Secouez-moi, secouez-moi !

Encore une semaine de grand-huit sur les marchés financiers. Si vous cherchez un endroit calme pour les vacances, ce n’est sûrement pas sur les marchés boursiers qu’ils faut aller.

Une fois de plus l’état mental des investisseurs est assez surprenant, puisque les « raisons de la baisse » – si l’on peut dire ça comme ça – sont toujours les mêmes, ça sent même parfois le réchauffé. En revanche, les raisons de la hausse ont plus de peine à convaincre. Soyons clairs, pour le moment c’est le pessimisme qui l’emporte.

Et comme nous sommes pessimistes, on aime bien se raccrocher aux mauvaises nouvelles et appuyer là où ça fait mal.
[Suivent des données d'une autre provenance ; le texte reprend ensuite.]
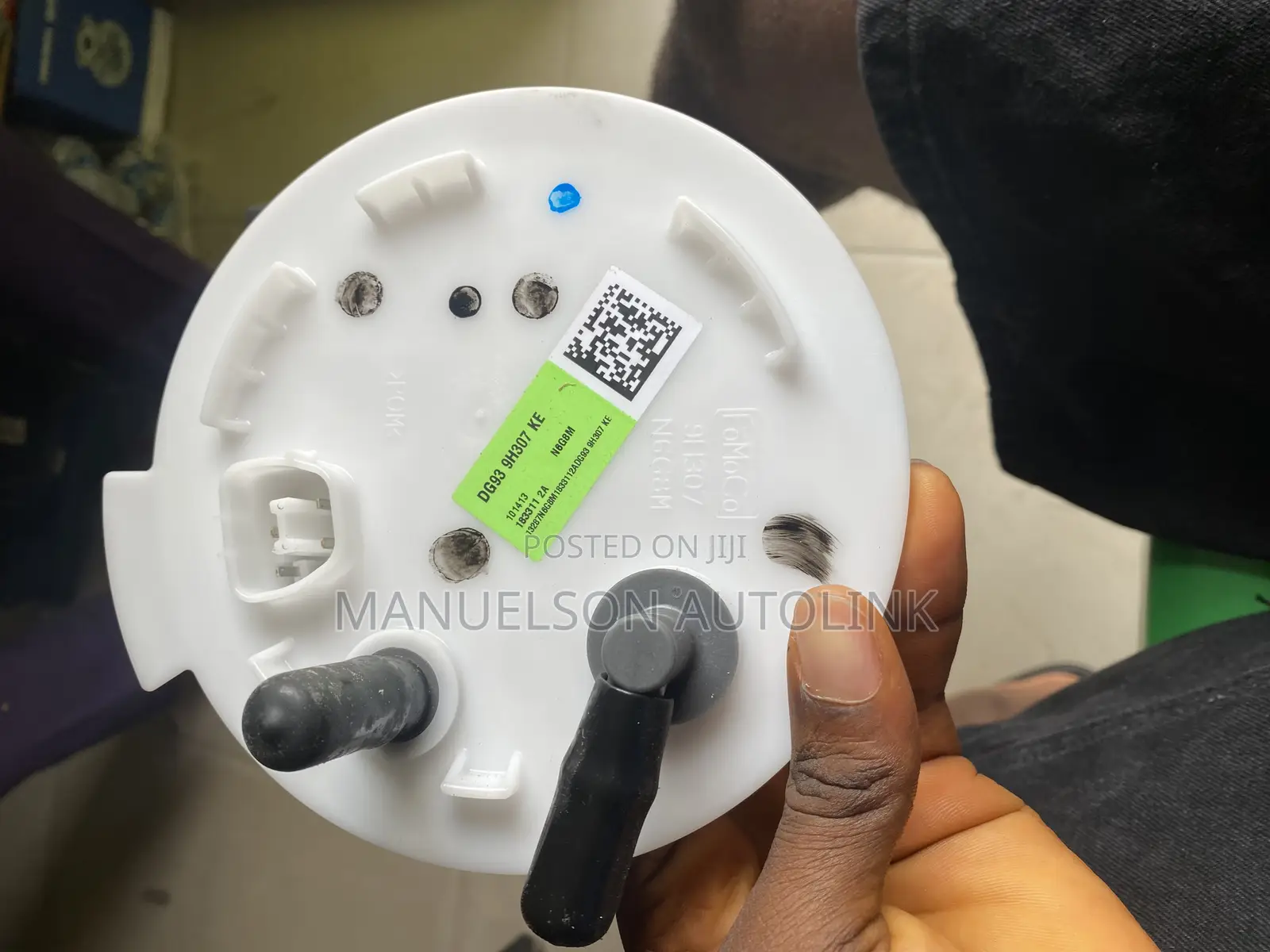 Complete Fuel Pump for Ford Fusion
Dès lundi dernier nous avons repris le rythme avec les mêmes thématiques.

L’Italie qui est définitivement en guerre contre l’Europe et qui ne semble pas vouloir faire le moindre effort pour arranger Bruxelles en s’entêtant avec son budget trop élevé selon les normes européennes. Ces tensions mettent à mal le dix ans italiens qui s’éloigne toujours une peu plus de celui de l’Allemagne en terme de rendement. Ce stress met la pression de tous les côtés sur les marchés du vieux-continent. Mais en même temps cela réjouit les « non-européens » puisque leur théorie semble se valider avec le temps : l’Europe ça ne peut pas marcher.

Pour le reste, c’est les taux qui montent et qui vont flinguer l’économie US à moyen terme, les tensions avec l’Arabie Saoudite qui encore une fois fait preuve d’une immense tolérance pour la vie humaine. Si on veut comprendre pourquoi ça monte, c’est du côté des chiffres du trimestre. Oui, parce que la semaine dernière il y a aussi eu des jours de hausse.

En résumé, on ne sait pas où on va, mais on y va. En revanche, il y a quand même un guignol qui a prévu que le pétrole montera à 400$. Alors même si les marchés sont moins drôle ces derniers temps, que c’est bon de rire en entendant des âneries pareilles.